U.S. officials complain that European allies have contributed few names to the list of alleged terrorist financiers, that most of these contributions have been domestic in nature, and that Europe has yet to act on all of the names that are already on the list. Europeans, in return, have repeatedly expressed their frustration with U.S. requests to add people or groups to terrorist lists without sufficient justification for their inclusion. The European Union (EU) recently added eleven organizations and seven individuals to its financial-blocking list. This list marks the first time the EU has frozen the assets of non-European terrorist groups; unfortunately, it also draws a fallacious distinction between the nonviolent and violent activities of terrorist groups. For example, by distinguishing between the terrorist and welfare wings of Hamas, the EU lends legitimacy to the activities of charitable organizations that facilitate terrorist operations.

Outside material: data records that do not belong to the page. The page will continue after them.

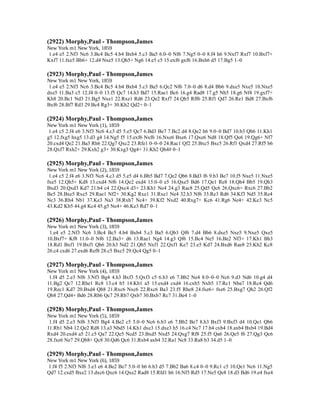 (2922) Morphy,Paul - Thompson,James
New York m1 New York, 1859
1.e4 e5 2.Nf3 Nc6 3.Bc4 Bc5 4.b4 Bxb4 5.c3 Ba5 6.0–0 Nf6 7.Ng5 0–0 8.f4 h6 9.Nxf7 Rxf7 10.Bxf7+
Kxf7 11.fxe5 Bb6+ 12.d4 Nxe5 13.Qh5+ Ng6 14.e5 c5 15.exf6 gxf6 16.Bxh6 d5 17.Bg5 1–0
(2923) Morphy,Paul - Thompson,James
New York m1 New York, 1859
1.e4 e5 2.Nf3 Nc6 3.Bc4 Bc5 4.b4 Bxb4 5.c3 Ba5 6.Qc2 Nf6 7.0–0 d6 8.d4 Bb6 9.dxe5 Nxe5 10.Nxe5
dxe5 11.Ba3 c5 12.f4 0–0 13.f5 Qc7 14.h3 Bd7 15.Rae1 Bc6 16.g4 Rad8 17.g5 Nh5 18.g6 Nf4 19.gxf7+
Kh8 20.Bc1 Nd3 21.Bg5 Nxe1 22.Rxe1 Rd6 23.Qe2 Rxf7 24.Qh5 Rff6 25.Rf1 Qd7 26.Re1 Bd8 27.Bxf6
Bxf6 28.Bf7 Rd3 29.Bc4 Rg3+ 30.Kh2 Qd2+ 0–1
(2924) Morphy,Paul - Thompson,James
New York m1 New York (1), 1859
1.e4 c5 2.f4 e6 3.Nf3 Nc6 4.c3 d5 5.e5 Qc7 6.Bd3 Be7 7.Bc2 d4 8.Qe2 h6 9.0–0 Bd7 10.b3 Qb6 11.Kh1
g5 12.fxg5 hxg5 13.d3 g4 14.Ng5 f5 15.exf6 Nxf6 16.Nxe6 Bxe6 17.Qxe6 Nd8 18.Qf5 Qe6 19.Qg6+ Nf7
20.cxd4 Qe2 21.Ba3 Rh6 22.Qg7 Qxc2 23.Rfe1 0–0–0 24.Rac1 Qf2 25.Bxc5 Bxc5 26.Rf1 Qxd4 27.Rf5 b6
28.Qxf7 Rxh2+ 29.Kxh2 g3+ 30.Kxg3 Qg4+ 31.Kh2 Qh4# 0–1
(2925) Morphy,Paul - Thompson,James
New York m1 New York (2), 1859
1.e4 c5 2.f4 e6 3.Nf3 Nc6 4.c3 d5 5.e5 d4 6.Bb5 Bd7 7.Qe2 Qb6 8.Bd3 f6 9.b3 Be7 10.f5 Nxe5 11.Nxe5
fxe5 12.Qh5+ Kd8 13.cxd4 Nf6 14.Qe2 exd4 15.0–0 e5 16.Qxe5 Bd6 17.Qe1 Re8 18.Qh4 Bb5 19.Qh3
Bxd3 20.Qxd3 Kd7 21.b4 c4 22.Qxc4 d3+ 23.Kh1 Ne4 24.g3 Rac8 25.Qd5 Qc6 26.Qxc6+ Rxc6 27.Bb2
Be5 28.Bxe5 Rxe5 29.Rae1 Nf2+ 30.Kg2 Rxe1 31.Rxe1 Ne4 32.h3 Nf6 33.Re3 Rd6 34.Kf3 Nd5 35.Re4
Nc3 36.Rh4 Nb1 37.Ke3 Na3 38.Rxh7 Nc4+ 39.Kf2 Nxd2 40.Rxg7+ Kc6 41.Rg6 Ne4+ 42.Ke3 Nc5
43.Kd2 Kb5 44.g4 Kc4 45.g5 Ne4+ 46.Ke3 Rd7 0–1
(2926) Morphy,Paul - Thompson,James
New York m1 New York (3), 1859
1.e4 e5 2.Nf3 Nc6 3.Bc4 Bc5 4.b4 Bxb4 5.c3 Ba5 6.Qb3 Qf6 7.d4 Bb6 8.dxe5 Nxe5 9.Nxe5 Qxe5
10.Bxf7+ Kf8 11.0–0 Nf6 12.Ba3+ d6 13.Rae1 Ng4 14.g3 Qf6 15.Bc4 Ne5 16.Be2 Nf3+ 17.Kh1 Bh3
18.Rd1 Bxf1 19.Bxf1 Qh6 20.h3 Nd2 21.Qb5 Nxf1 22.Qxf1 Ke7 23.e5 Kd7 24.Bxd6 Rae8 25.Kh2 Kc8
26.c4 cxd6 27.exd6 Ref8 28.c5 Bxc5 29.Qc4 Qg5 0–1
(2927) Morphy,Paul - Thompson,James
New York m1 New York (4), 1859
1.f4 d5 2.e3 Nf6 3.Nf3 Bg4 4.h3 Bxf3 5.Qxf3 c5 6.b3 e6 7.Bb2 Ne4 8.0–0–0 Nc6 9.d3 Nd6 10.g4 d4
11.Bg2 Qc7 12.Rhe1 Rc8 13.c4 b5 14.Kb1 a5 15.exd4 cxd4 16.cxb5 Nxb5 17.Rc1 Nba7 18.Rc4 Qd6
19.Rec1 Kd7 20.Bxd4 Qb8 21.Rxc6 Nxc6 22.Rxc6 Ba3 23.f5 Rhe8 24.fxe6+ fxe6 25.Bxg7 Qh2 26.Qf2
Qb8 27.Qd4+ Bd6 28.Rb6 Qc7 29.Rb7 Qxb7 30.Bxb7 Rc7 31.Be4 1–0
(2928) Morphy,Paul - Thompson,James
New York m1 New York (5), 1859
1.f4 d5 2.e3 Nf6 3.Nf3 Bg4 4.Be2 c5 5.0–0 Nc6 6.b3 e6 7.Bb2 Be7 8.h3 Bxf3 9.Bxf3 d4 10.Qe1 Qb6
11.Rb1 Nb4 12.Qe2 Rd8 13.a3 Nbd5 14.Kh1 dxe3 15.dxe3 h5 16.c4 Nc7 17.b4 cxb4 18.axb4 Bxb4 19.Bd4
Rxd4 20.exd4 a5 21.c5 Qa7 22.Qe5 Ncd5 23.Bxd5 Nxd5 24.Qxg7 Rf8 25.f5 Qa6 26.Qe5 f6 27.Qg3 Qc6
28.fxe6 Ne7 29.Qb8+ Qc8 30.Qd6 Qc6 31.Rxb4 axb4 32.Ra1 Nc8 33.Ra8 b3 34.d5 1–0
(2929) Morphy,Paul - Thompson,James
New York m1 New York (6), 1859
1.f4 f5 2.Nf3 Nf6 3.e3 e6 4.Be2 Be7 5.0–0 b6 6.b3 d5 7.Bb2 Ba6 8.c4 0–0 9.Rc1 c5 10.Qe1 Nc6 11.Ng5
Qd7 12.cxd5 Bxe2 13.dxc6 Qxc6 14.Qxe2 Rad8 15.Rfd1 h6 16.Nf3 Rd5 17.Ne5 Qe8 18.d3 Bd6 19.e4 fxe4
 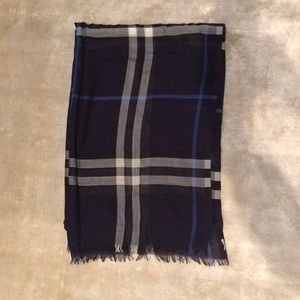 Burberry Lightweight Check Navy Plaid Scarf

America’s financial war on terrorism has been hamstrung by bitter turf wars between the Treasury and Justice Departments, whose parallel task forces on terrorist financing reportedly do not share information with one another. Although such inefficiency and territoriality are disconcerting, they pale in comparison to the strategic gap seen in policymaking circles. If they are to bear any fruit, counterterrorism techniques must be as comprehensive, continuous, and cooperaas possible. In order to dismantle the logistical and financial support networks of terrorist groups and prevent terrorist attacks, the governments and agencies involved must act in concert and, at a minimum, mirror the resolve displayed by terrorists themselves.